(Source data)
*** Begin section ***

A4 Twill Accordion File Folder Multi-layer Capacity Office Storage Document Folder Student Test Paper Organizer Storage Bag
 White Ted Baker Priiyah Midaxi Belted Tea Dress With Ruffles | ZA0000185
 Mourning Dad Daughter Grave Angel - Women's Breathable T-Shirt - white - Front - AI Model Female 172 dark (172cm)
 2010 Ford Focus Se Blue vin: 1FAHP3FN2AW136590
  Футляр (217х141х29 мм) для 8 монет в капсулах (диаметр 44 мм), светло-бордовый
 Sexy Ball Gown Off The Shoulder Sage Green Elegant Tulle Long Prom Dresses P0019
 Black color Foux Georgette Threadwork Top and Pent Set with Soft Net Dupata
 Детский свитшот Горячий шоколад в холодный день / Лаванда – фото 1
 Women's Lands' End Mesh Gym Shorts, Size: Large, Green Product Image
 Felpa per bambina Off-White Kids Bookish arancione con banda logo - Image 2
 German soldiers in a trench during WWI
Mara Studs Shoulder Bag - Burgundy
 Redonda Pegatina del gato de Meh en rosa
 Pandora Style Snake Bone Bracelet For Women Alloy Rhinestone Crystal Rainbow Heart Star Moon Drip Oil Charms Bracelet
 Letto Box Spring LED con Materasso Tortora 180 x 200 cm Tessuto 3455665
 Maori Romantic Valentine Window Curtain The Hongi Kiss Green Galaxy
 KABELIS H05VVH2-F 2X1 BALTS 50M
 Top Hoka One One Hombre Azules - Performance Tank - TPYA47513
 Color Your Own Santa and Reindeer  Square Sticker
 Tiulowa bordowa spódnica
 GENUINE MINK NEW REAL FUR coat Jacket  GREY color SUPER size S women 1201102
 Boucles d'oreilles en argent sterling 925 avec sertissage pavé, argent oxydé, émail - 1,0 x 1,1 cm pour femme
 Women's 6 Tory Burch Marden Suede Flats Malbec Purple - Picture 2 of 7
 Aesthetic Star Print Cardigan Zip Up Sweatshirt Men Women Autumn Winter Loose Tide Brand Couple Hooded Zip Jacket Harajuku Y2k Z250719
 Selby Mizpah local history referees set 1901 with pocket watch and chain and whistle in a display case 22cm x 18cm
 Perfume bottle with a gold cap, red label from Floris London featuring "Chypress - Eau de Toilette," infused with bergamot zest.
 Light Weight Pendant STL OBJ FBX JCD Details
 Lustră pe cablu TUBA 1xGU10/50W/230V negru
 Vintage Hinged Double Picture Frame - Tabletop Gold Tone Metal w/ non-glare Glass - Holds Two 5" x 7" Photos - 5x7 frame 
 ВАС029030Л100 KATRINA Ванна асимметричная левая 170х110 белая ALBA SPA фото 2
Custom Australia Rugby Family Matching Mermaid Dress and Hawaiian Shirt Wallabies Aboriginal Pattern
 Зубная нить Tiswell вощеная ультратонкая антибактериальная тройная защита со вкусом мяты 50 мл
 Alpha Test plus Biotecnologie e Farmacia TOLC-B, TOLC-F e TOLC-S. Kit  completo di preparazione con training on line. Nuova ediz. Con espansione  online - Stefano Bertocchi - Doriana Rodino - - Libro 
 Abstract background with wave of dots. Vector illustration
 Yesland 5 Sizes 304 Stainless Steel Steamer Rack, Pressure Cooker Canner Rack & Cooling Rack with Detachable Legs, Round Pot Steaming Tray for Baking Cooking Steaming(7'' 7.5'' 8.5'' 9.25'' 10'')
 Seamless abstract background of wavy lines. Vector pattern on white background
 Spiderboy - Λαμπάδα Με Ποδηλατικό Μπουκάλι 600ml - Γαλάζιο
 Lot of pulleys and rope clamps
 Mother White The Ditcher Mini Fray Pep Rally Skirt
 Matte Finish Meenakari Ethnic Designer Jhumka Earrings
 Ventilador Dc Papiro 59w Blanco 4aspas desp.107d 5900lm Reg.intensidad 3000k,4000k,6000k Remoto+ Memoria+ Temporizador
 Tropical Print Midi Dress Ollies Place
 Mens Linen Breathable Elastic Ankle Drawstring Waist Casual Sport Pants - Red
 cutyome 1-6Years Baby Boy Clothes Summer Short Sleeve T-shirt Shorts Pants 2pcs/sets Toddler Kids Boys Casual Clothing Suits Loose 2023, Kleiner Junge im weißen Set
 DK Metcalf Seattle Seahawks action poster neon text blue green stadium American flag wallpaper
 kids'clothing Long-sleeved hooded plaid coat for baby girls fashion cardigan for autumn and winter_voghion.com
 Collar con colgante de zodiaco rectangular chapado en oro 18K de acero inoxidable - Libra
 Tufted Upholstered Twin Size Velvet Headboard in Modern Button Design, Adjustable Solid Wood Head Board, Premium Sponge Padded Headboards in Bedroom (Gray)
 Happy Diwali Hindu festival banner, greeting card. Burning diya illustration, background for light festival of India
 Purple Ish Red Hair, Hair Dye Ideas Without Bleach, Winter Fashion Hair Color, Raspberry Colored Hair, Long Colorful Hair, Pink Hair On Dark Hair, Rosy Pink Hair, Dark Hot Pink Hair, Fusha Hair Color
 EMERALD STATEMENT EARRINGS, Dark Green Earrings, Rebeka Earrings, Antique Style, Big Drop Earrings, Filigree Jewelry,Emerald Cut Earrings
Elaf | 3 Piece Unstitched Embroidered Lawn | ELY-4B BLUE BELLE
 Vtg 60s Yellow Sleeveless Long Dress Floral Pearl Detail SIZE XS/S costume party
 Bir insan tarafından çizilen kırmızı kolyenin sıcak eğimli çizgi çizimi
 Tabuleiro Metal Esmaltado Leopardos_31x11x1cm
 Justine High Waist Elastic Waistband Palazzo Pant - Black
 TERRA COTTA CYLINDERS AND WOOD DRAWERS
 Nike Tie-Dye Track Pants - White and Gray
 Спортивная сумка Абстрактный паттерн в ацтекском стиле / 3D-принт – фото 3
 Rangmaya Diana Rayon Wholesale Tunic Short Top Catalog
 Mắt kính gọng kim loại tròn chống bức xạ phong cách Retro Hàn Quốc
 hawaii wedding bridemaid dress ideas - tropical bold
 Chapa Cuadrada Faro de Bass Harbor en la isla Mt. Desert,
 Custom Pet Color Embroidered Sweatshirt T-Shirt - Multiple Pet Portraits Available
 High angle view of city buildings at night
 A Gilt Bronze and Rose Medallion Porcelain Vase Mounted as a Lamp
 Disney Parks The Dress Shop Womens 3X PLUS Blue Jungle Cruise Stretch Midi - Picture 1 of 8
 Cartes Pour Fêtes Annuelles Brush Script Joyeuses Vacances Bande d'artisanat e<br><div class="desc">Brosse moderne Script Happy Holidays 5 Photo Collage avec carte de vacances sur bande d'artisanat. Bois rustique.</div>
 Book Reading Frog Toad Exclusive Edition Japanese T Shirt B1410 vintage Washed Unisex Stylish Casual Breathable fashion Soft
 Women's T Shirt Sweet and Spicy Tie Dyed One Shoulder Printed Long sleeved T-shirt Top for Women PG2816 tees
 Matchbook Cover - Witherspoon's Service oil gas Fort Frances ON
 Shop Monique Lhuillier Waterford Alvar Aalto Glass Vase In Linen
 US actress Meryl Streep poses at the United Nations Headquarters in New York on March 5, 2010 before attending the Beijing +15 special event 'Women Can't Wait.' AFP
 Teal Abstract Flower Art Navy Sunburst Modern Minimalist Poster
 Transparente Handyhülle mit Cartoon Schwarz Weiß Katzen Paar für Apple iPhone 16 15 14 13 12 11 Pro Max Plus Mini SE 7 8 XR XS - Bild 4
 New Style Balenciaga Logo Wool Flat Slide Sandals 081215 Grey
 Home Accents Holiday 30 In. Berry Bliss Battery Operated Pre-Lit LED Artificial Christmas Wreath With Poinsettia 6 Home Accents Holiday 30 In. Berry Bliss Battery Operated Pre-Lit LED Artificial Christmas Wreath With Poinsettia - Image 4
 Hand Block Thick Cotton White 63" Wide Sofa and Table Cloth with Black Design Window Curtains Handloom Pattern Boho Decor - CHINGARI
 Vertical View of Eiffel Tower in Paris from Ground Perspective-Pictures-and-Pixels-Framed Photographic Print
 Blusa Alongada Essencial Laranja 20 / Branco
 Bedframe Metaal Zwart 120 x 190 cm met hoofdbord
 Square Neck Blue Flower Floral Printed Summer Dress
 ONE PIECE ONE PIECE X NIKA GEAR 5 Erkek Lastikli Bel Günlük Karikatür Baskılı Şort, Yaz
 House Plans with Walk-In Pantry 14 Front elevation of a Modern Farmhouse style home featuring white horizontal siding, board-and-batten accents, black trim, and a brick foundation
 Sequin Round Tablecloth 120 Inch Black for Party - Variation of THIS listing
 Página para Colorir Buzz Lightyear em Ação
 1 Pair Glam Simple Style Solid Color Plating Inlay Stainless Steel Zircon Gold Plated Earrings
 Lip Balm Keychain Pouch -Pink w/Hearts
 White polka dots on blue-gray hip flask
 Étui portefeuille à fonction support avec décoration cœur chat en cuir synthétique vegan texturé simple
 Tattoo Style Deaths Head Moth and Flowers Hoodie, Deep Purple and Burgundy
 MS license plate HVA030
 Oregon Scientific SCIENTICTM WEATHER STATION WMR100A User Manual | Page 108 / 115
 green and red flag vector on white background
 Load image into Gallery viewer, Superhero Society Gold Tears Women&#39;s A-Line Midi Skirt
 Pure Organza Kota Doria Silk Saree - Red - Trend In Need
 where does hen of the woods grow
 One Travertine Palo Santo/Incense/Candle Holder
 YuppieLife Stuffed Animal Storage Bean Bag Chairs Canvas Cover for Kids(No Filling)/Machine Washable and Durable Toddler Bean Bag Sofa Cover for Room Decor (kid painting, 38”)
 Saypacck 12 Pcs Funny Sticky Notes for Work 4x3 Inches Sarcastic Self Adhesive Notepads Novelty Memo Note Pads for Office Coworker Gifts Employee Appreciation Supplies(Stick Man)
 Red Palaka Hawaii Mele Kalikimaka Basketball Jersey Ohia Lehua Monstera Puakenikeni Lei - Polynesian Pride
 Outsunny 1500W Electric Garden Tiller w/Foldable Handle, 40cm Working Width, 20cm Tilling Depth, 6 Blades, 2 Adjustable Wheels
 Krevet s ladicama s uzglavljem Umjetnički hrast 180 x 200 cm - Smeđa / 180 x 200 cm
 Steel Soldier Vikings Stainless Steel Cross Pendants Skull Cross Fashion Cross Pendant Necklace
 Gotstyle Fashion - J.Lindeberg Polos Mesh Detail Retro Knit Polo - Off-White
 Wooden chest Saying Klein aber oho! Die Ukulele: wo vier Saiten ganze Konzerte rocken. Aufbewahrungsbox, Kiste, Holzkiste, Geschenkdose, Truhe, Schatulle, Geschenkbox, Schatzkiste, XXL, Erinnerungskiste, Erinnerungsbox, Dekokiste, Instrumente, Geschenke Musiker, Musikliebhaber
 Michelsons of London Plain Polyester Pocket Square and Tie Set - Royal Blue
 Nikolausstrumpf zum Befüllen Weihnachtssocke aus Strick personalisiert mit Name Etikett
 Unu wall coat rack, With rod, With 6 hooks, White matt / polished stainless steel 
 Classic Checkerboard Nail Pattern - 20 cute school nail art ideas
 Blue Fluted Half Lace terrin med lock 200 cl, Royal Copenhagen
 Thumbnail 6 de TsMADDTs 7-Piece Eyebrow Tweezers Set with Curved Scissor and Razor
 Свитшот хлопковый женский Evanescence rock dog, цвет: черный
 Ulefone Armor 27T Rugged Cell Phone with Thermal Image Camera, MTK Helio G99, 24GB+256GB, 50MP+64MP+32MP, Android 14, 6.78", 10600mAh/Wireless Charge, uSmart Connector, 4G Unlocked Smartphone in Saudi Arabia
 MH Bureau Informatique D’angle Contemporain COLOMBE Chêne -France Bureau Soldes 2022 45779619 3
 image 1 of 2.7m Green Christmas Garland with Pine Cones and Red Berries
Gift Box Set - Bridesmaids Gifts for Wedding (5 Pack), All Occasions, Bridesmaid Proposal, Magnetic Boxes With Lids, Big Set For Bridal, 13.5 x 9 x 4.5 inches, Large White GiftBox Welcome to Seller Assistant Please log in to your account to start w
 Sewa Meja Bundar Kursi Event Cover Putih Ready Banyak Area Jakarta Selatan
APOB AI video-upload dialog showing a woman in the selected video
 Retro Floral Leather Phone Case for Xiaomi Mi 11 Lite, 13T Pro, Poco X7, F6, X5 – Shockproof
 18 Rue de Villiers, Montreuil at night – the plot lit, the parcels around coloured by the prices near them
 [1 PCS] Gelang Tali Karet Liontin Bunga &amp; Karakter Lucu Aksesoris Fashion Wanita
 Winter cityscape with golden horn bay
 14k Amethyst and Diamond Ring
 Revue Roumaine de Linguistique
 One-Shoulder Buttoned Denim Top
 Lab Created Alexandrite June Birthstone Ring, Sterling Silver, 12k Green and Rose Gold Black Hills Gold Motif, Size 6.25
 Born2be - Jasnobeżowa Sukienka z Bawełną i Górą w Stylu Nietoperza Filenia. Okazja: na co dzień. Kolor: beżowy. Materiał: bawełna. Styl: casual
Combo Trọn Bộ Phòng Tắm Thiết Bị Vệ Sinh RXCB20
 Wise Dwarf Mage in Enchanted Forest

*** End section ***

### What the exercise asks
Of all the entries above, output exactly the lines between the one holding "Wooden chest Saying" and the one holding "Свитшот хлопковый женский", inclusive.

### The completed task
 Wooden chest Saying Klein aber oho! Die Ukulele: wo vier Saiten ganze Konzerte rocken. Aufbewahrungsbox, Kiste, Holzkiste, Geschenkdose, Truhe, Schatulle, Geschenkbox, Schatzkiste, XXL, Erinnerungskiste, Erinnerungsbox, Dekokiste, Instrumente, Geschenke Musiker, Musikliebhaber
 Michelsons of London Plain Polyester Pocket Square and Tie Set - Royal Blue
 Nikolausstrumpf zum Befüllen Weihnachtssocke aus Strick personalisiert mit Name Etikett
 Unu wall coat rack, With rod, With 6 hooks, White matt / polished stainless steel 
 Classic Checkerboard Nail Pattern - 20 cute school nail art ideas
 Blue Fluted Half Lace terrin med lock 200 cl, Royal Copenhagen
 Thumbnail 6 de TsMADDTs 7-Piece Eyebrow Tweezers Set with Curved Scissor and Razor
 Свитшот хлопковый женский Evanescence rock dog, цвет: черный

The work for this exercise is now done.